The very colorful guppies are quite expensive. Ocean aquarium some type of Japanese blue guppies that Justinw was selling for $40 a pair. But the good thing is that his fish are always strong and healthy and are pregnant most of the time.


----------



## Laith (Sep 4, 2004)

HeyPK said:


> ...
> Bats have bittens
> Swans have cignets
> ...


Now those two I did not know!


----------



## Mellonman (Nov 2, 2005)

stcyrwm said:


> Do people sometimes just keep the males only so they don't have to deal with so many offspring?


I've been keeping a group of male guppies for more than a year without particular problems...
(except they ask for beer on monday nights  )


----------



## standoyo (Aug 25, 2005)

HeyPK said:


> The Guppy
> 
> Whales have calves
> Cats have kittens
> ...


can i add... humans have brats?


----------



## Bert H (Mar 2, 2004)

In March I picked up 7 beautiful half black guppies for free at a Pet** that were in their plant (I use that word loosely) tank for free because they didn't know what they were.
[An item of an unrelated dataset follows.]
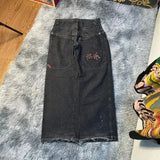 New High Street Hiphop Hip Hop Brand Printed Jeans Men's Straight Baggy Wide-Legged Pants-Outfit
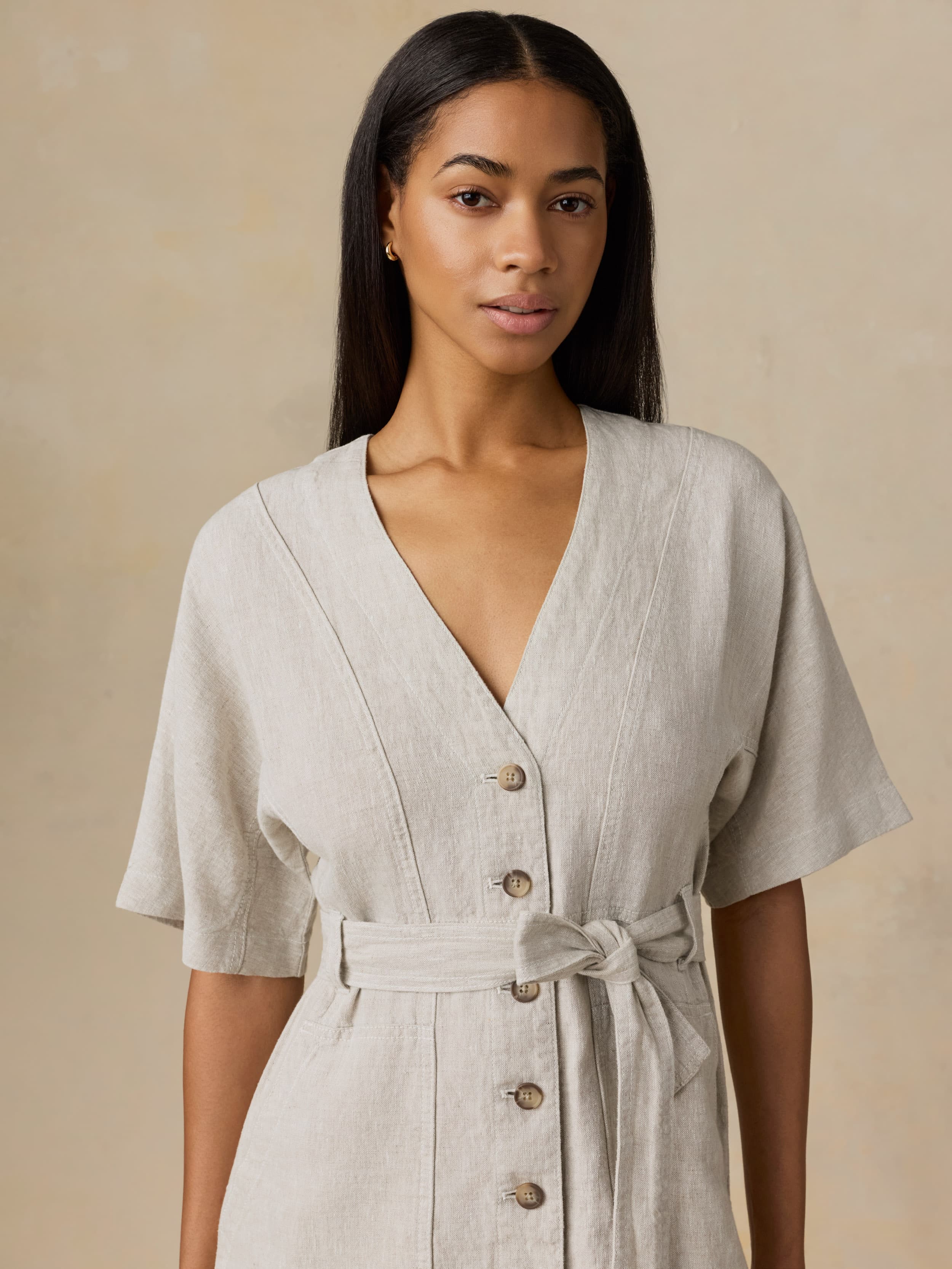 Sun Strider Linen Camille Mini Dress - Flax - Image 2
I'm not kidding. Now I have a 50 gal tank full of these. They have bred true (all half black) and I love them. With guppies you never have to worry about quarantining new fish because you will never have buy them again!


----------



## Gumby (Aug 1, 2005)

My opinion on guppies: Meh. 

They're colorful fish, easy to keep, easy to breed. Just an over all easy to keep fish very common fish. That's probably why I don't like them. I'm more of fan of the rarer or harder to keep fish. I also like fish with personalities. I've kept more than my fair share of guppies and I've never seen any real personality in guppies.

I actually have some in my 125 right now. If you could sum up the social behavior and interaction of guppies with other guppies and other fish in a conversation it would be something like this:
Male guppy: HEY! A LADY! LETS HAVE SEX!
Female guppy: Hi, I'd rather not.
Male guppy: COME ON, LETS DO IT! RIGHT HERE, RIGHT NOW!
Female guppy: I'm already pregnant for christs sake, go away.
Male guppy: OoOoOOhhh look another fish... Can I have sex with it? I might as well try... Oh wait a minute, there's another lady guppy... maybe she wants to hook up.
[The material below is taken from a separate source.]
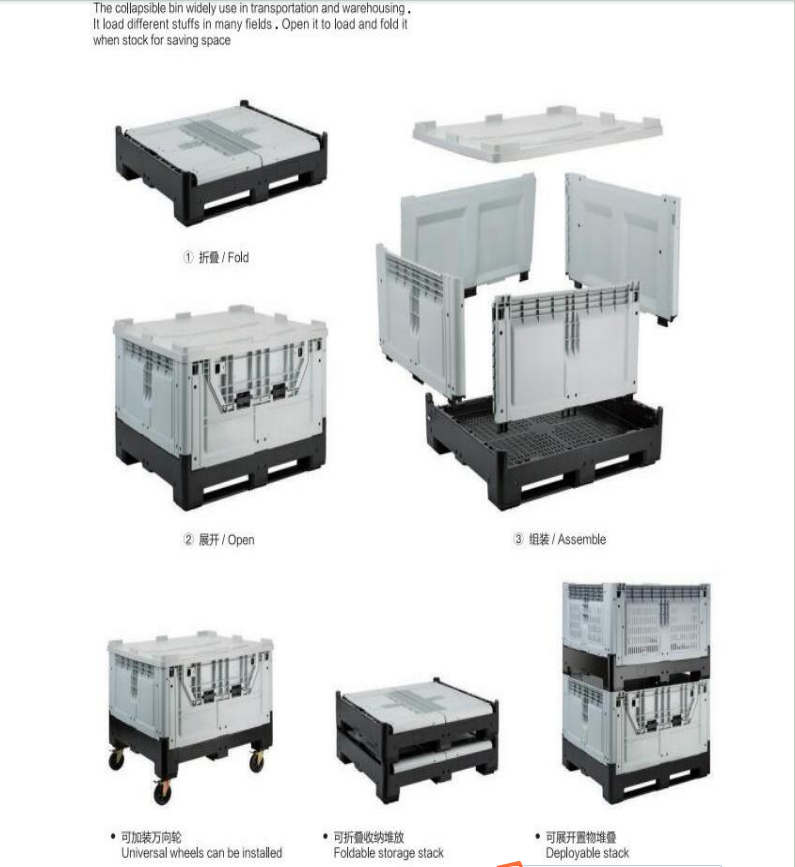 Large Four Way Entry HDPE Mesh Pallet Heavy Duty Stackable Agricultural Folding Plastic Container Euro Pallet for Agriculture factory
Repeat this conversation all day long and you get the gist of guppy behavior. It annoys the living crap out of me


----------



## JerseyScape (Nov 18, 2005)

Guppies are just like me.....they are horny all the time.


----------



## Erirku (Oct 5, 2004)

Guppies are cool, ever since I was a kid. I think they are the king of fishes, because I don't get bored with'em! Right now I have neon blue endlers, and they are cool!!! Right now, they are flaring with each other, I don't know what they deal is with that. Maybe a territorial thing? I thought I put a female endler and see what the offspring be! But she's being molested by my killie! LOL . I threw her in today, and the male killie was following her and flaring to her, and even trying to make her go to the gravel, so he could court her. Even funnier. But too bad, the killie won't be there. I wish they had a longer lifespan. Sorry to get off the subject. Just thought I'd share something funny.


----------



## raven_wilde (Nov 16, 2005)

Gumby said:


> I actually have some in my 125 right now. If you could sum up the social behavior and interaction of guppies with other guppies and other fish in a conversation it would be something like this:
> Male guppy: HEY! A LADY! LETS HAVE SEX!
> Female guppy: Hi, I'd rather not.
> Male guppy: COME ON, LETS DO IT! RIGHT HERE, RIGHT NOW!
> ...


My thoughts Exactly! After a while I just got tired of watching Saturday night at the DKE house over and over again in my tank.


----------



## HeyPK (Jan 23, 2004)

I hardly ever look at my guppies. When I do, they seem to have dropped all thoughts of sex and are pushing their noses against the front glass, saying, "FOOD! FOOD! FOOD!" That is probably because I didn't get around to feeding them the last several days. Most of the time I am looking at the plants in their tank, which are doing very well.


----------



## Jerm (Nov 11, 2005)

Guppies eat everything, including plants, snails, snail eggs, dead family members, children, poo, and algae. Also, male guppies will flash a rock and enjoy it. I started out with 4 guppies. They have all since died, and i now, with peridoically relasing fry into my community tank SO THEY DIE (they never all die  )i have about 8 mature ones, 40 juvenilles, and hmmm... well, i can't count the fry, they hide. Now, on to cooking guppies, i hear they are good with a little lemon or garlic...


----------



## BryceM (Nov 6, 2005)

Lots of people will keep guppies to provide their larger fish with an occasional midnight 'snack'. Ethical? Who knows. Big fish gotta eat too, I guess. Personally, I've never found guppies to be that interesting. That said, they beat the goofy looking goldfish that fetch ridiculous prices around Asia.


----------



## iris600 (Feb 12, 2004)

The 'pingu' strain I particularly enjoy. Beware of inbreeding depression, I've seen many people's guppies suffering from this, and a local LFS has endlers that definitely could use some 'new blood'


----------



## hoppycalif (Apr 7, 2005)

When I had a 125 gallon tank I put some guppies in it with Platys. The Platys all bred like guppies, but the guppies eventually all died out after about the 2nd generation. I really love guppies, but didn't dare put them in my 29 gallon tank - 100 babies in there would have been a disaster. Platys are another fish I really like, but....same problem. So, I just bought some Cardinal Tetras today.


----------